>>>>
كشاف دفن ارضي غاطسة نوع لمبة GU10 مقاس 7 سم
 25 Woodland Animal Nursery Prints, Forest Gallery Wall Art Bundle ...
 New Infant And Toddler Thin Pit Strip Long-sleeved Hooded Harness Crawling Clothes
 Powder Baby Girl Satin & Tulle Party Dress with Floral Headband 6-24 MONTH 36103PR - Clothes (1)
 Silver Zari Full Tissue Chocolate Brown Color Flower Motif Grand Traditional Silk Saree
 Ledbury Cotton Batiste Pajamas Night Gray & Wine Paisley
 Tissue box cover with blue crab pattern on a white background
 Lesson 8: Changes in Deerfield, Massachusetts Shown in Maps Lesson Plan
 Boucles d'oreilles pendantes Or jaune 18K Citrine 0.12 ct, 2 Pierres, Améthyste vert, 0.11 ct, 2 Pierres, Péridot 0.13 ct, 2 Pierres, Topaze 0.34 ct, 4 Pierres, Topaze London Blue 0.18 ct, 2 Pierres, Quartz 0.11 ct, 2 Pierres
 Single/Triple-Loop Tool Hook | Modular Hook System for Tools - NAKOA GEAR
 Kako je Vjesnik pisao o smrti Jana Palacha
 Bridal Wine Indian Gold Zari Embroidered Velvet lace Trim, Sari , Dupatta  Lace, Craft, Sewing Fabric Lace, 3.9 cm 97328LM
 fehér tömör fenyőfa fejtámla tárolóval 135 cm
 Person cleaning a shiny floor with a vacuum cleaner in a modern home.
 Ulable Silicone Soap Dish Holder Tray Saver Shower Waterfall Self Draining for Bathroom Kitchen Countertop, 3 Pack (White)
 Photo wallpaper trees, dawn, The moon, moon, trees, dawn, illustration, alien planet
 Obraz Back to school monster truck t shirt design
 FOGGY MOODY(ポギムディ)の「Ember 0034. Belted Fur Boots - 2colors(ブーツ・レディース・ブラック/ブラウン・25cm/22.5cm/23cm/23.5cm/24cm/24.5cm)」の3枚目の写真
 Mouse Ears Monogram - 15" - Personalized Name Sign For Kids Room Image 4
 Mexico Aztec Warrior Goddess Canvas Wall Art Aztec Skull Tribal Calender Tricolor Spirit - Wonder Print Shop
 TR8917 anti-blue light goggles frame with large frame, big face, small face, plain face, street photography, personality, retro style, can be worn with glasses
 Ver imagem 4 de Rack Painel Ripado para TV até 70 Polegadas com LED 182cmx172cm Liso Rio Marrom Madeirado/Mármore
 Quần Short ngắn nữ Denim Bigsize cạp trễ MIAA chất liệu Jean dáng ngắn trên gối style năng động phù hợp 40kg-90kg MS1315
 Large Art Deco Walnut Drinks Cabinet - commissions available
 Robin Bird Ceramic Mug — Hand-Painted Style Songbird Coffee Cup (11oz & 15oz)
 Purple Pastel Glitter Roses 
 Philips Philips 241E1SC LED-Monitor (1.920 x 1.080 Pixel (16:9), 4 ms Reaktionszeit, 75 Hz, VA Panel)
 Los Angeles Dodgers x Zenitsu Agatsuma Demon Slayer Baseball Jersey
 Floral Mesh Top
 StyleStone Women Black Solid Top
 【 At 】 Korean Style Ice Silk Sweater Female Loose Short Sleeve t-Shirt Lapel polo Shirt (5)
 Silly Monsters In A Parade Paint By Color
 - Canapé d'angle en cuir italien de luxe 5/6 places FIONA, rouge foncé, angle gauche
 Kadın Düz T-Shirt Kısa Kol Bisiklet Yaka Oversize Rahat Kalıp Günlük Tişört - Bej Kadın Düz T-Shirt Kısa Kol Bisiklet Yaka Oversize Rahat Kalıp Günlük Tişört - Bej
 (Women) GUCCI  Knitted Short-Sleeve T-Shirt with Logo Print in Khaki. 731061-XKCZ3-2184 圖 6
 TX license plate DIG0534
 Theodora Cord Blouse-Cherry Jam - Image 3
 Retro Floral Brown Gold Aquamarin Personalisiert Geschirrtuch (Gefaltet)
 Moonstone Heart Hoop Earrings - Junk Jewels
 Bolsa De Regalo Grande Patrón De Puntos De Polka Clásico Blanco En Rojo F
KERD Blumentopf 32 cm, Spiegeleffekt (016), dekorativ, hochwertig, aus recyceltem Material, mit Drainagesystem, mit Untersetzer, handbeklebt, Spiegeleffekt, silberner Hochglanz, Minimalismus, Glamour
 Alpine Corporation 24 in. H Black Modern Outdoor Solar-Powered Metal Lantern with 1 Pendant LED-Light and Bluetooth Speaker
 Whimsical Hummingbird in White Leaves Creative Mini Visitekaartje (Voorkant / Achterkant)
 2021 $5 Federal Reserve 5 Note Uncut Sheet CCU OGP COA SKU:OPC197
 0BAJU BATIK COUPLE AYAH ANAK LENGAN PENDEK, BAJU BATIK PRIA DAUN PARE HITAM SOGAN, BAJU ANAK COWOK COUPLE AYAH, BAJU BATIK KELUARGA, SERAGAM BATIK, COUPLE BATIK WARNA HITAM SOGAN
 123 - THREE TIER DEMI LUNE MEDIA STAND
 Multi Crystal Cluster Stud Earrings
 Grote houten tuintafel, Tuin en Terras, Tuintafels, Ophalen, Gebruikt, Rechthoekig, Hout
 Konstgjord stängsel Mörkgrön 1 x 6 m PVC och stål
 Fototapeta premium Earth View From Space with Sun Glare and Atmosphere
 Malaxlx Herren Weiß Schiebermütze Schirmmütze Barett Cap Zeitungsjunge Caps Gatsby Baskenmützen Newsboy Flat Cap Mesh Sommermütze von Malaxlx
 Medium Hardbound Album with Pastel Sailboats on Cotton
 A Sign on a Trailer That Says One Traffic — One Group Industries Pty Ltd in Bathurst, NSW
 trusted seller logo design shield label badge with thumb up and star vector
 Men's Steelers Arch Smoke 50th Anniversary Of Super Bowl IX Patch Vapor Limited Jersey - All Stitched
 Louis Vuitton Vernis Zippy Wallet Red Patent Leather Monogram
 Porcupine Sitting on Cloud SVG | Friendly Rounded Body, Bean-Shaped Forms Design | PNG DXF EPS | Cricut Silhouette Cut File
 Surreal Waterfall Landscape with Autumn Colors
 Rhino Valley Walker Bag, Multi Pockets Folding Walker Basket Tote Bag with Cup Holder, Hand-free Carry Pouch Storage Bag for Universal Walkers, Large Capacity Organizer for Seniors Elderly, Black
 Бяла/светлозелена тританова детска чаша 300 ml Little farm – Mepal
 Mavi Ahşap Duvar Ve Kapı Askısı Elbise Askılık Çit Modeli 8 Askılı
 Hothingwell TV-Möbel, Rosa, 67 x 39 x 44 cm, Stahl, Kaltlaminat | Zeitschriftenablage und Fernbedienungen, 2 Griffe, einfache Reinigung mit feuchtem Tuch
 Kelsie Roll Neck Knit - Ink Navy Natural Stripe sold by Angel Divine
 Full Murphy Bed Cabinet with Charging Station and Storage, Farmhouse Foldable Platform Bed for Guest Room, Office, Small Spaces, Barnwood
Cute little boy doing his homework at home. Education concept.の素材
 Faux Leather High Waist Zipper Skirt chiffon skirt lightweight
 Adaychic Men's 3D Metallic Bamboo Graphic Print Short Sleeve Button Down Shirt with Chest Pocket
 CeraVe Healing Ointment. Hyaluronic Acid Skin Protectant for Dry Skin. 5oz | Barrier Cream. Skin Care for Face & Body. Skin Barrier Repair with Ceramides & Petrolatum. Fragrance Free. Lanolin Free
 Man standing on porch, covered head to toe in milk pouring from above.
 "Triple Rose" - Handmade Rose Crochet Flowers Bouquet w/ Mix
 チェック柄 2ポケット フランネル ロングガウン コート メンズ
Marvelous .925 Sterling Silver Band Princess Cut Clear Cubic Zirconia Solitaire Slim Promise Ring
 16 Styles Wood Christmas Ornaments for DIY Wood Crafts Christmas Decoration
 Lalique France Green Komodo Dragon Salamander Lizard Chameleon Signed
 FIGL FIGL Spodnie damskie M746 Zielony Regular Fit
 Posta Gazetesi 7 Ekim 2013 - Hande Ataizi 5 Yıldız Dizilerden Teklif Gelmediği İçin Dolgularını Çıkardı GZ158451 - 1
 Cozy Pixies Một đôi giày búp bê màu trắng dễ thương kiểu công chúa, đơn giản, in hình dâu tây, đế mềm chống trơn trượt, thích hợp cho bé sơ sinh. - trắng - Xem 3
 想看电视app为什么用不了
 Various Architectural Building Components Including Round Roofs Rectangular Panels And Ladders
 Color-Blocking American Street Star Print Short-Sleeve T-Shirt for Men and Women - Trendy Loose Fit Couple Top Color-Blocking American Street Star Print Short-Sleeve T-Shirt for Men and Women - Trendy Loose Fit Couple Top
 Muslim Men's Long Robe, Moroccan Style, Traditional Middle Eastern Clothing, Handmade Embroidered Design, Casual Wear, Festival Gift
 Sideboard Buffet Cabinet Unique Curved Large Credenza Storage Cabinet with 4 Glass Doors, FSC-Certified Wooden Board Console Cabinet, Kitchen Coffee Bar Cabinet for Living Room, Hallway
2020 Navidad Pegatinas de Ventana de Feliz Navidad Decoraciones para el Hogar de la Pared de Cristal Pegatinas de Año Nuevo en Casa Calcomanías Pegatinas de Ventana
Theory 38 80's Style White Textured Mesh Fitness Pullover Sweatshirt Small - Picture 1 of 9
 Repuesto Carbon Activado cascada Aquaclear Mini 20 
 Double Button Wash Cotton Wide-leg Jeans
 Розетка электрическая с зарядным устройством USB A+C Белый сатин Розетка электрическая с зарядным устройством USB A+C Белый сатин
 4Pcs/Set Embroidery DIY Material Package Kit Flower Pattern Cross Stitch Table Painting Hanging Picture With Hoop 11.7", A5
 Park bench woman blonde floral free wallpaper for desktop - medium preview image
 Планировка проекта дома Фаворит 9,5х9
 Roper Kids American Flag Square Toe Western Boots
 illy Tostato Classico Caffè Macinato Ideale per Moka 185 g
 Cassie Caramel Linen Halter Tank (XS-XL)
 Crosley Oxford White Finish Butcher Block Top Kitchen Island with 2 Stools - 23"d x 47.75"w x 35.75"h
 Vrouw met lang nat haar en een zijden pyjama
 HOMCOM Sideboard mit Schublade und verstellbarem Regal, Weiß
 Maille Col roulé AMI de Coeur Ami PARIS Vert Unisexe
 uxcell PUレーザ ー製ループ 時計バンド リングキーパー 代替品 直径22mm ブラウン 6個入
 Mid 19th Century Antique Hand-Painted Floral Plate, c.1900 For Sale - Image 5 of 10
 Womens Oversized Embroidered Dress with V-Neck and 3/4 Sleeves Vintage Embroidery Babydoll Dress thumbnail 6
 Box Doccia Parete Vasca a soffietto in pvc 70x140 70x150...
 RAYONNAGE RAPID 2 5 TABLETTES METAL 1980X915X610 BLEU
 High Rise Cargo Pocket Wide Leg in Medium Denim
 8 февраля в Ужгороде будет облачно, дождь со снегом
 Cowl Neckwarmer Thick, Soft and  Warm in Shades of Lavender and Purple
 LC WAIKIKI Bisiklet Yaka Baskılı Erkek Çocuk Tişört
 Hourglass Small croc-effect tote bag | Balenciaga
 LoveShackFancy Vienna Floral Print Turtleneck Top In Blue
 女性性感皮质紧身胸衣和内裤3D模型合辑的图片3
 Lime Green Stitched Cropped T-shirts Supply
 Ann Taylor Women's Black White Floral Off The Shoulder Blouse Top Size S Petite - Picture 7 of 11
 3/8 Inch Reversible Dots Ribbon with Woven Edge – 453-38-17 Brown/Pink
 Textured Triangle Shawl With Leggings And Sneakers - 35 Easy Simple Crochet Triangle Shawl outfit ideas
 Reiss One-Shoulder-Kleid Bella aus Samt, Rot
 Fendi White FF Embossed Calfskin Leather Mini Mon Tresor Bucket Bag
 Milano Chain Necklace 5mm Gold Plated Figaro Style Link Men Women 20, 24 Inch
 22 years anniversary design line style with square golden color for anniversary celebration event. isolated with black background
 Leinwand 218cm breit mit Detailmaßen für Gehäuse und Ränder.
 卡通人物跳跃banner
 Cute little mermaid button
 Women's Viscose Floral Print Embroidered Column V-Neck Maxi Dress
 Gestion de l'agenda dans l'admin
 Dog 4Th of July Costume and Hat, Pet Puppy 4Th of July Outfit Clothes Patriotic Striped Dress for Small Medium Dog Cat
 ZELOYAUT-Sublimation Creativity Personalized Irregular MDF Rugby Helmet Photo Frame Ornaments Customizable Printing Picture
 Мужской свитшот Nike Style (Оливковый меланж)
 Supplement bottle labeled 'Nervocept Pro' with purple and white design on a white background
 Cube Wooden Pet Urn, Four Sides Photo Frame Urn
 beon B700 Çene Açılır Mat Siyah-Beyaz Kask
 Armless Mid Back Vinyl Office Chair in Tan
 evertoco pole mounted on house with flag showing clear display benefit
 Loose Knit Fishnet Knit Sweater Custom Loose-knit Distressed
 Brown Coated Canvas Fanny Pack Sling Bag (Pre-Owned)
<<<<
=== Work task ===
In the material above, tally the lines that include the word "Loose" and give only that figure.

=== Response area ===
3